(Brief descriptive captions)
━━━━━━

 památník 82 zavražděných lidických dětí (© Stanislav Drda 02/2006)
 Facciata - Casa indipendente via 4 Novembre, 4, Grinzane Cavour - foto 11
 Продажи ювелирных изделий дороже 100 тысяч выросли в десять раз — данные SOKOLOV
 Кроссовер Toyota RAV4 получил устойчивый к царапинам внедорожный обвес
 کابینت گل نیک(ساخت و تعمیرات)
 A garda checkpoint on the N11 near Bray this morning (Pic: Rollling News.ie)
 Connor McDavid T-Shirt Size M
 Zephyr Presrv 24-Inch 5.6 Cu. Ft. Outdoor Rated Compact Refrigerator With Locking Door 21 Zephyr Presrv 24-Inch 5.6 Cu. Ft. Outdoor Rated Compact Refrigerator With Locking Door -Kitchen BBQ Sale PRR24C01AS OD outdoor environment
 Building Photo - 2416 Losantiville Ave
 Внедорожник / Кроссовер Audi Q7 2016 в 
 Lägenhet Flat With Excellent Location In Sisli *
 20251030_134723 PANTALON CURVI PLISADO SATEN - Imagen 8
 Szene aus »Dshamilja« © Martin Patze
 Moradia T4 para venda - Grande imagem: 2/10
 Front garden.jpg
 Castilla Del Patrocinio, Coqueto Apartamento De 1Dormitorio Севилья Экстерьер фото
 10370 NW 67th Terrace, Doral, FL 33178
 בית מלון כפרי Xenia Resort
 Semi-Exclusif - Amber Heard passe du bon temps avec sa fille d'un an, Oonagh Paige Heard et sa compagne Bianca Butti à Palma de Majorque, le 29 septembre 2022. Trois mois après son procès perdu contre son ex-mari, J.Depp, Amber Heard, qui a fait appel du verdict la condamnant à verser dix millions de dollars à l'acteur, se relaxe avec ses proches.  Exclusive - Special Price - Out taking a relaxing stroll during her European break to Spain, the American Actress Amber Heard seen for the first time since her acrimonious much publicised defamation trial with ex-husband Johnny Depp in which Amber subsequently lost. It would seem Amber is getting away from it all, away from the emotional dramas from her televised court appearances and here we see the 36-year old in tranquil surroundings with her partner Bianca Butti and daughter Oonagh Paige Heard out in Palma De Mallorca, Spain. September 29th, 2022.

━━━━━━

(What you will do): Write out each line exactly, as it is shown above.

(Output for this exercise):
 památník 82 zavražděných lidických dětí (© Stanislav Drda 02/2006)
 Facciata - Casa indipendente via 4 Novembre, 4, Grinzane Cavour - foto 11
 Продажи ювелирных изделий дороже 100 тысяч выросли в десять раз — данные SOKOLOV
 Кроссовер Toyota RAV4 получил устойчивый к царапинам внедорожный обвес
 کابینت گل نیک(ساخت و تعمیرات)
 A garda checkpoint on the N11 near Bray this morning (Pic: Rollling News.ie)
 Connor McDavid T-Shirt Size M
 Zephyr Presrv 24-Inch 5.6 Cu. Ft. Outdoor Rated Compact Refrigerator With Locking Door 21 Zephyr Presrv 24-Inch 5.6 Cu. Ft. Outdoor Rated Compact Refrigerator With Locking Door -Kitchen BBQ Sale PRR24C01AS OD outdoor environment
 Building Photo - 2416 Losantiville Ave
 Внедорожник / Кроссовер Audi Q7 2016 в 
 Lägenhet Flat With Excellent Location In Sisli *
 20251030_134723 PANTALON CURVI PLISADO SATEN - Imagen 8
 Szene aus »Dshamilja« © Martin Patze
 Moradia T4 para venda - Grande imagem: 2/10
 Front garden.jpg
 Castilla Del Patrocinio, Coqueto Apartamento De 1Dormitorio Севилья Экстерьер фото
 10370 NW 67th Terrace, Doral, FL 33178
 בית מלון כפרי Xenia Resort
 Semi-Exclusif - Amber Heard passe du bon temps avec sa fille d'un an, Oonagh Paige Heard et sa compagne Bianca Butti à Palma de Majorque, le 29 septembre 2022. Trois mois après son procès perdu contre son ex-mari, J.Depp, Amber Heard, qui a fait appel du verdict la condamnant à verser dix millions de dollars à l'acteur, se relaxe avec ses proches.  Exclusive - Special Price - Out taking a relaxing stroll during her European break to Spain, the American Actress Amber Heard seen for the first time since her acrimonious much publicised defamation trial with ex-husband Johnny Depp in which Amber subsequently lost. It would seem Amber is getting away from it all, away from the emotional dramas from her televised court appearances and here we see the 36-year old in tranquil surroundings with her partner Bianca Butti and daughter Oonagh Paige Heard out in Palma De Mallorca, Spain. September 29th, 2022.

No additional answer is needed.